━━━ Data to examine ━━━

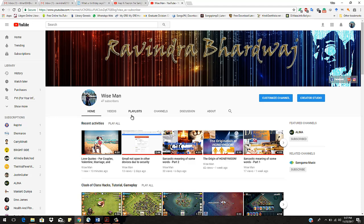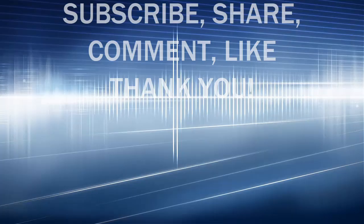So I hope this video will be helpful to make your playlist private, and have a good day. Don't forget to subscribe to my channel, like my videos, comment, and share it. Thank you.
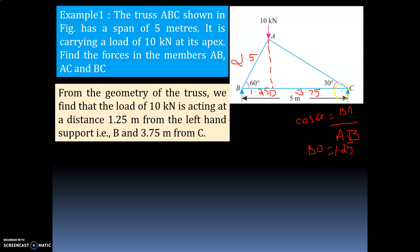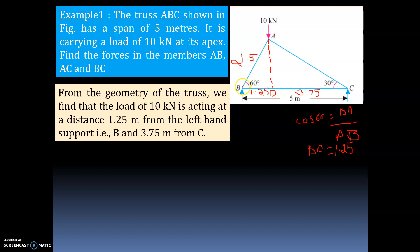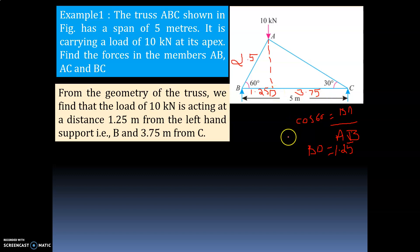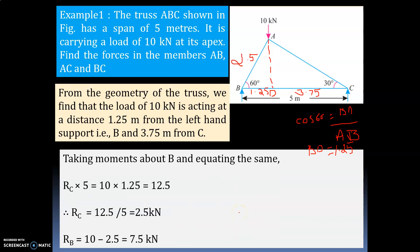So this distance is 1.25 and this is 3.75. I hope all of you understood — this is simple mathematics. First I used sin30 to find AB = 2.5, then cos60 to find BD = 1.25 meters, and the distance from D to C is 3.75 meters. Now we have to calculate the reactions RB and RC.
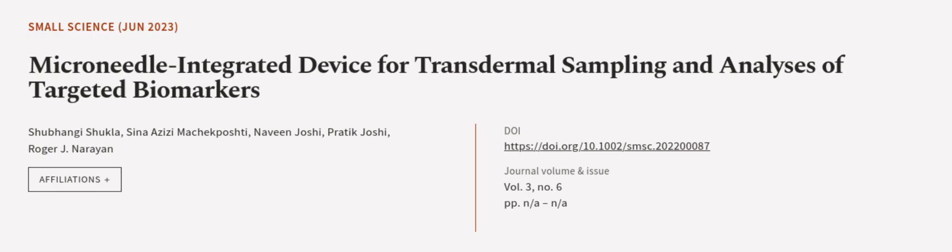This article was authored by Shabungi Shukla, Sina Azizumachak Pashti, Naveen Joshi, and others. More at wearearticle.tv, links in the description below.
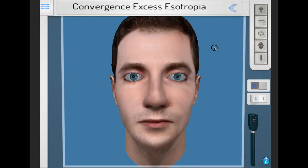Treatment of convergence excess esotropia includes treating any refractive error or amblyopia, consider orthoptic exercises, executive bifocal glasses, surgery, or even miotics.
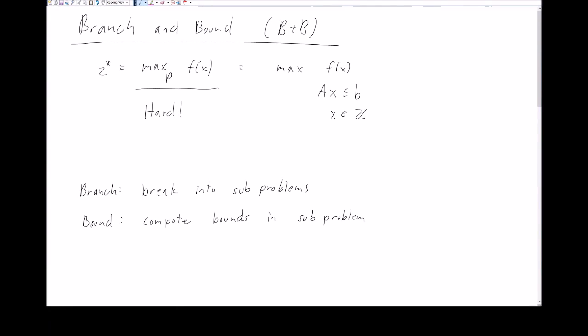In this series of lectures we're going to introduce an idea called branch and bound. The branch and bound algorithm is used to solve mixed integer programs to optimality, but because mixed integer programs are hard, branch and bound algorithms aren't going to run in polynomial time in general.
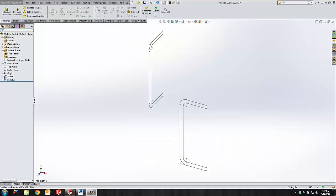Hello, my name is Dane Potter, Applications Engineer with GoEngineer. Today I'm going to show you how to take a multi-body part and create a weldment with a cut list using SolidWorks.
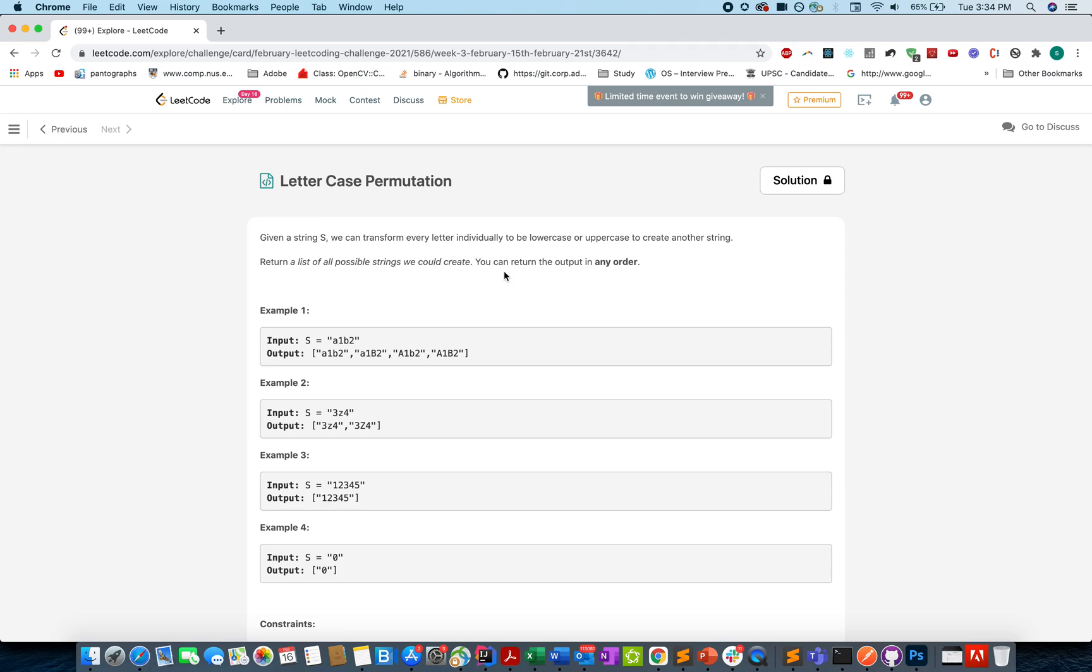Hello everyone, welcome to day 16th of February LeetCode challenge and today's question is Letter Case Permutation. In this question you are given a string S and you need to list out all the possible strings that you could create by using one rule.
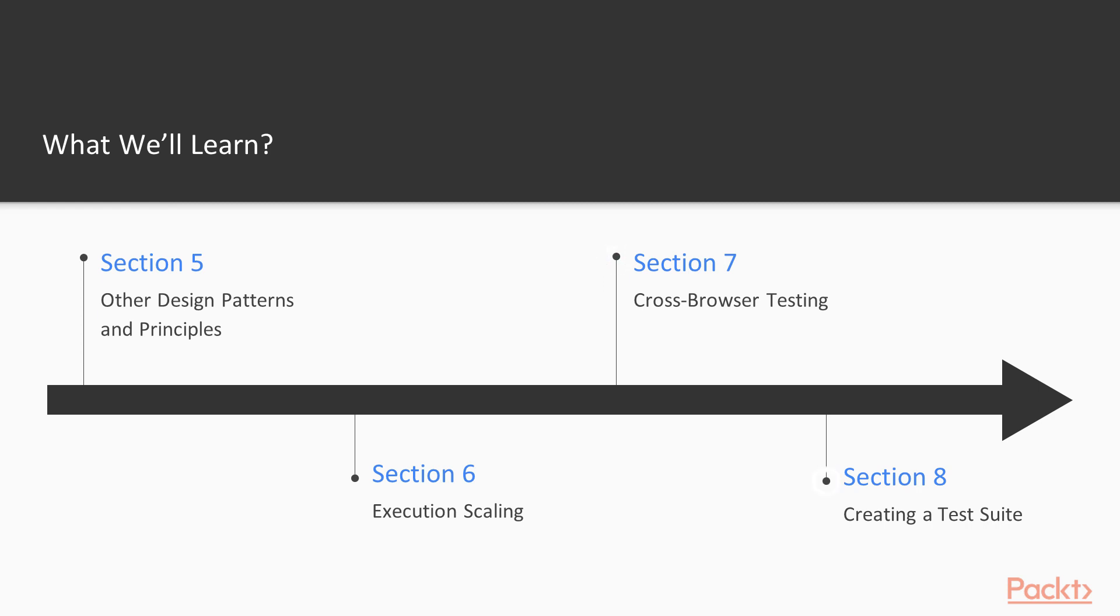And we will finish with section 8 which will be creating a test suite. This section will be dedicated to putting all the shown principles together and having just a small glimpse of real application testing.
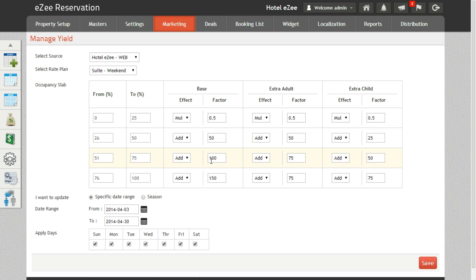Likewise, if you want to decrease the rates on the basis of occupancy you can pre-define the percentage value by which the system will automatically deduct from the base rates.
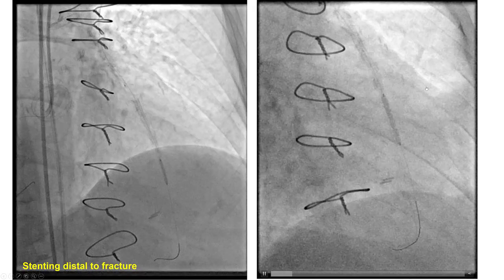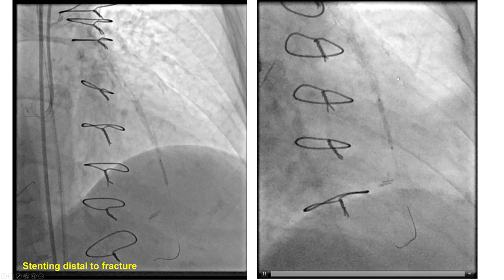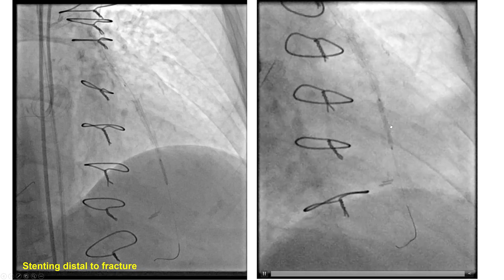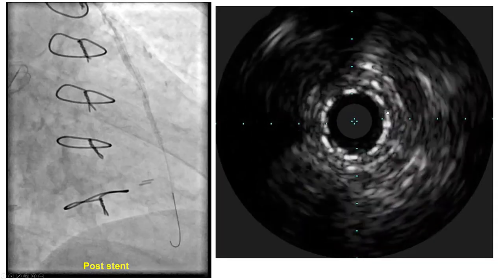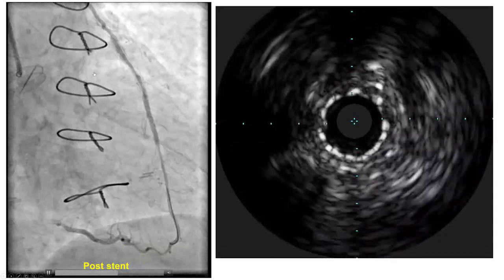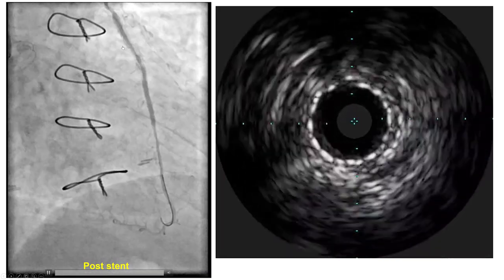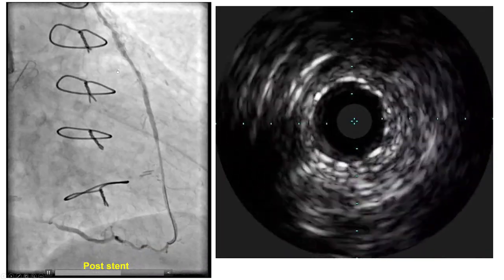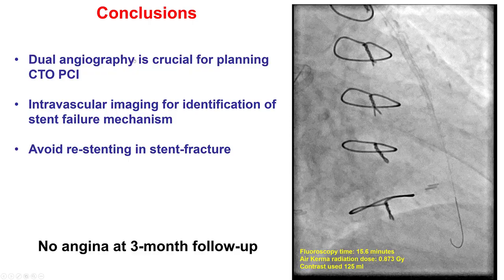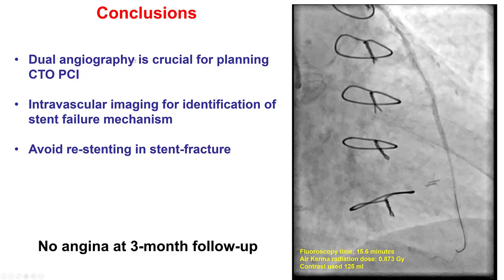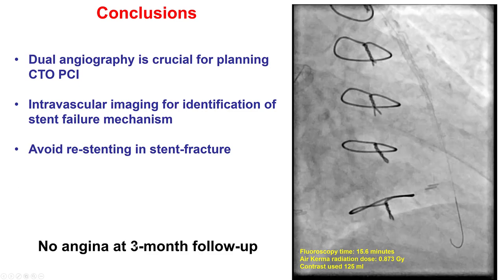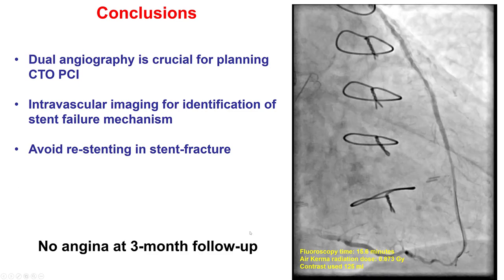The highest-grade lesion was not at the site of the fracture but more distal in the native vessel. That is why it was treated with one drug-eluting stent, providing a nice final result as confirmed by IVUS. We then performed balloon angioplasty of the previously placed Lima stents without placing additional stents. The patient did well and did not have any angina at three-month follow-up.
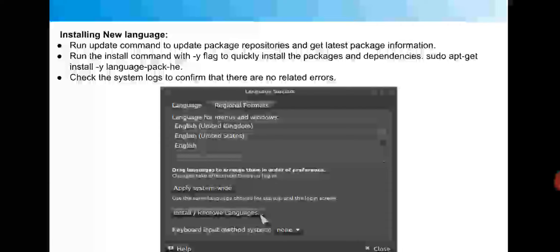In this command, 'sudo' means super user — for any installation, package management, or software changes you need super user or administrator permission. 'apt-get' refers to the package management tool and the folder where packages are installed. 'install' performs the installation, and '-y' is used for quick installation without prompts. 'language-pack-he' is the language pack you wish to install.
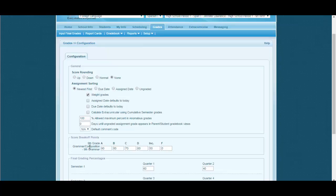So now when for this particular course period this teacher tries to grade any student, the grades given to the students will appear according to this grade scale and not according to the admin's grade scale.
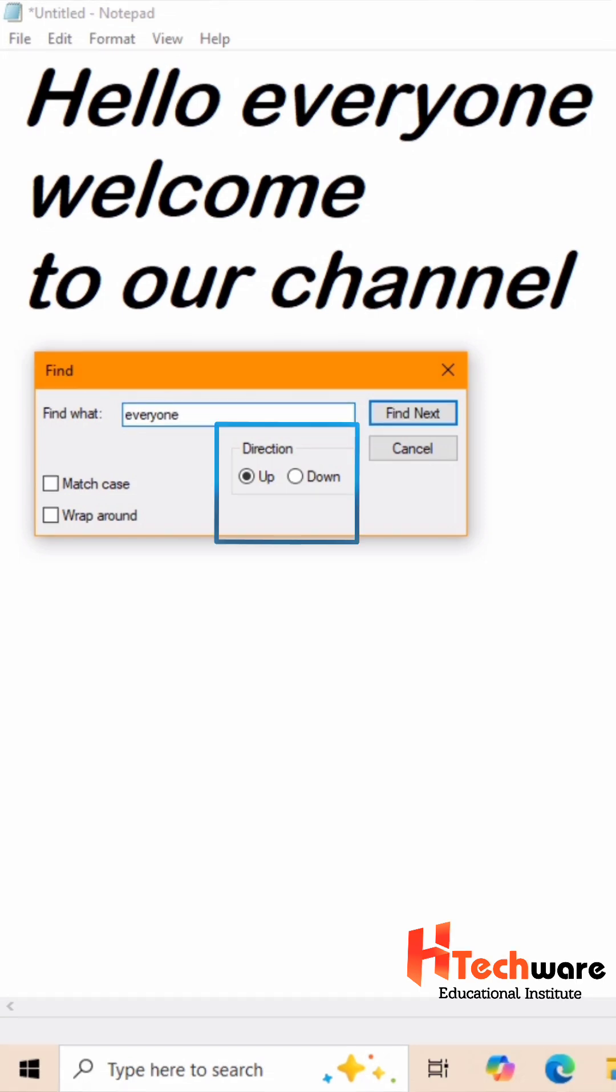Now look at the direction. You will see two options: Up and down. It helps us to find words direction wise.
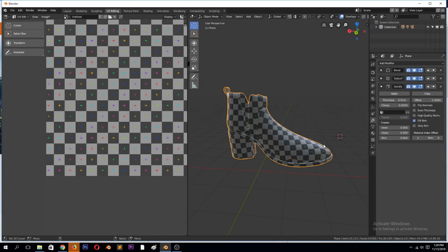Hey guys, my name is Isma, welcome to another Blender 2.8 tutorial. This time we're going to be looking at texturing using PBR textures in Blender 2.8. This is just a basic introduction to PBR textures.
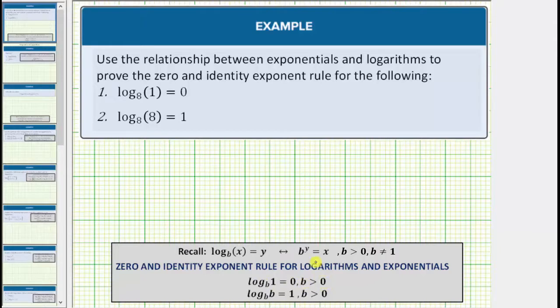The second log equation is log base eight of eight equals one. This is an example of the identity exponent rule for logarithms and exponentials, which is log base b of b equals one, again for b greater than zero.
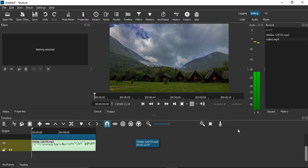Welcome to Shortcut tutorials. In this video, we're going to see how we can add fade in and fade out audio to our audio files in Shortcut video editor. The process is pretty simple.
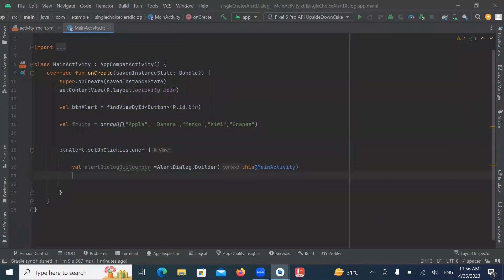Now to set the title of alert dialog, we use setTitle method.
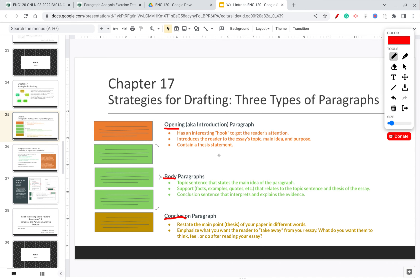For an opening paragraph, you must have an interesting hook — something that grabs the reader's attention and makes them want to keep reading. You also need to introduce the reader to your essay's topic, basically the main idea and the purpose for why you're writing: what information do you want to convey and what do you want them to learn? And then you need to contain a thesis sentence — ideally a good thesis sentence will give the reader the answer to those points.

━━━

■ Exercise brief:
Could you set down, exactly as written, every line from the start of the records above through the line containing "Hello everyone, welcome", leaving the pictures out?

■ Response box:
So I hope this video will be helpful to make your playlist private, and have a good day. Don't forget to subscribe to my channel, like my videos, comment, and share it. Thank you.
So this distance is 1.25 and this is 3.75. I hope all of you understood — this is simple mathematics. First I used sin30 to find AB = 2.5, then cos60 to find BD = 1.25 meters, and the distance from D to C is 3.75 meters. Now we have to calculate the reactions RB and RC.
This article was authored by Shabungi Shukla, Sina Azizumachak Pashti, Naveen Joshi, and others. More at wearearticle.tv, links in the description below.
Treatment of convergence excess esotropia includes treating any refractive error or amblyopia, consider orthoptic exercises, executive bifocal glasses, surgery, or even miotics.
In this series of lectures we're going to introduce an idea called branch and bound. The branch and bound algorithm is used to solve mixed integer programs to optimality, but because mixed integer programs are hard, branch and bound algorithms aren't going to run in polynomial time in general.
Hello, my name is Dane Potter, Applications Engineer with GoEngineer. Today I'm going to show you how to take a multi-body part and create a weldment with a cut list using SolidWorks.
Hello everyone, welcome to day 16th of February LeetCode challenge and today's question is Letter Case Permutation. In this question you are given a string S and you need to list out all the possible strings that you could create by using one rule.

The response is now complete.